Even if some candidates or potential candidates are already positioning themselves on this or that issue, necessarily influenced by their political color, there, elected officials, who support or have supported Emmanuel Macron, like the former Minister of Foreign Trade Olivier Becht, want to reverse things. They invite the French, from all political sides, to come and write a program, to build a new project for society together, in 70 weeks, starting now, to present a copy in the fall of 2026. This concretely means putting around the same sheet a voter from the National Rally, another from France Insoumise, the presidential party, the right, but also abstainers. Everything is done online, on a site that has just been created, with the objective of releasing an application, but for that, between 50 and 100,000 euros are needed. A fundraising campaign is organized.
We're seeing a bit of a resemblance to the principle of the grievance books. Olivier Becht was inspired by the Yellow Vest movement, frustrated that nothing was happening after the Great Debate. "Who wants it, come and go": everyone can write their own proposal, on all themes—health, education, purchasing power, security—with a vote organized every week to refine and develop a program.

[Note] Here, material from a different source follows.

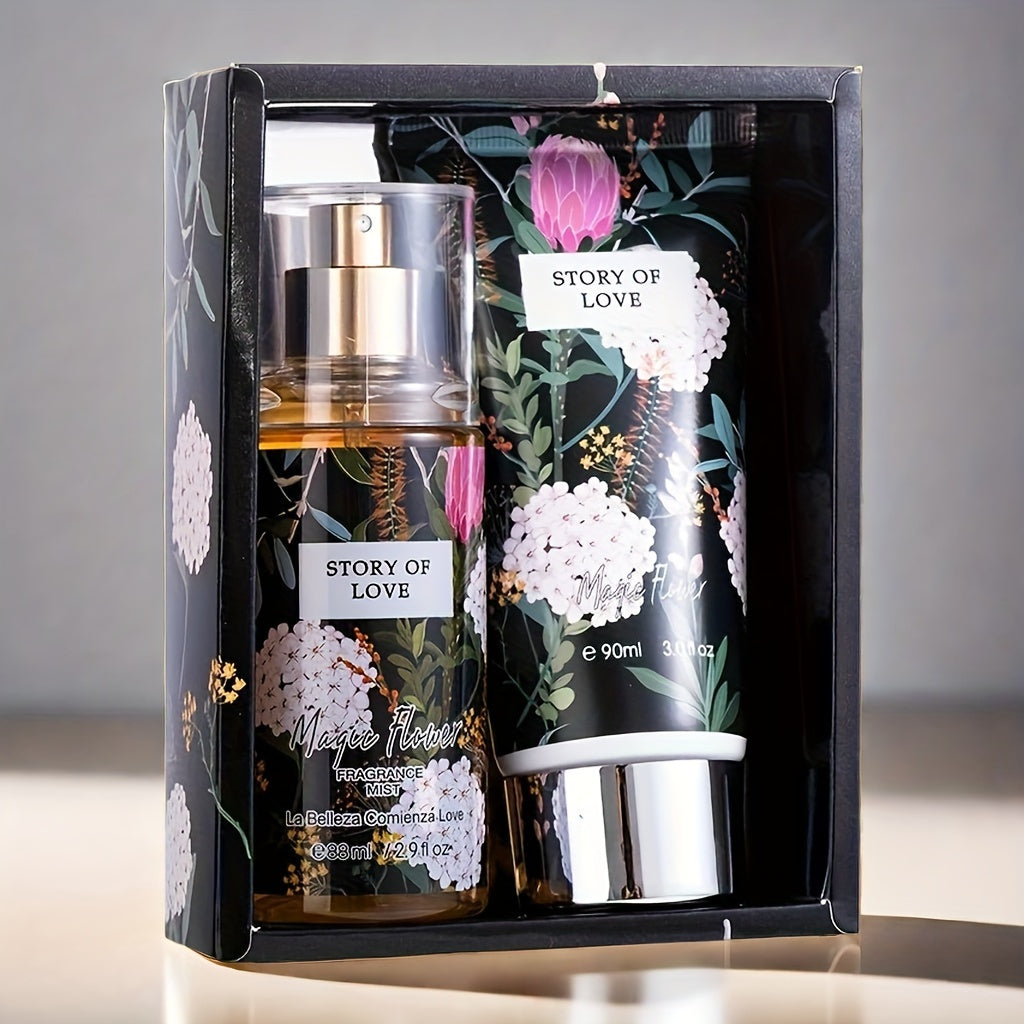 2.98oz Fragrance Mist&3.04oz Perfumed Body Lotion, Floral Notes, A Perfect Gift For Her, Nourishing Moisturizing Gift Set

Utopian or not, the project's founders believe they've reached the end of the line. "We've never spent so much money and it's never worked so badly," they say. They want to "recreate a dream, that of the 21st century, which could be the century of well-being." A life free from major diseases, with a healthy diet, in a healthy home, fulfillment at work, where we could take our children to school without fear of anything happening to them. Who would be against that? Their goal is to reach hundreds of thousands of contributions. For now, there are only about fifty. But as more and more French people want to be involved in the future, these elected officials are simply saying: why not?